The rest of the top 10 are:
- Woburn, 26.7
- Burlington, 26.1
- Quincy, 23.8
- Chelsea, 23.4
- Dedham, 21.7
- Waltham, 21.6
- Lexington, 21.3
- Saugus, 19.4
- Newton, 19.2
Milton, which came in 11th, feels the effect as well.
Lt. Kevin Foley of Milton police said his town of about 27,000 sees crashes because of people jumping off the Expressway.
“They get off here, they flood through East Milton Square and they think they’re bypassing a mile or two of traffic by getting off here and racing up there,” Foley said, pointing to the Granite Avenue exit.
People also cut through Milton from Boston, often on Route 28, to either get to Interstate 93, to Braintree and Route 3, or to other towns south, like Randolph.

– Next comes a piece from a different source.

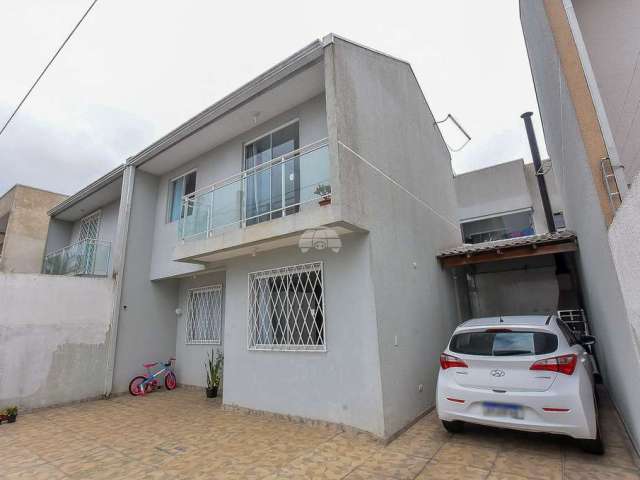 Casa com 3 quartos à venda na Rua Jordânia, 221, Nações, Fazenda Rio Grande, 70 m2 por R$ 480.000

Late last month, a crash on Route 28 during rush hour killed one person and injured four others.
“That’s the cut through effect that Milton has,” he said.
GPS apps like Waze have enabled drivers to see ahead on their commute, and to change their route to get around traffic or avoid crashes.
Police said those apps, while not to blame, have led to more cut through commuters.
“If Waze is telling you there’s an accident at the Milton exchange, and you’re hoping that you’re going to be able to go and jump back on at Quincy bypass that,” Minton said.
NBC Boston reached out to Waze for comment, and they did not respond.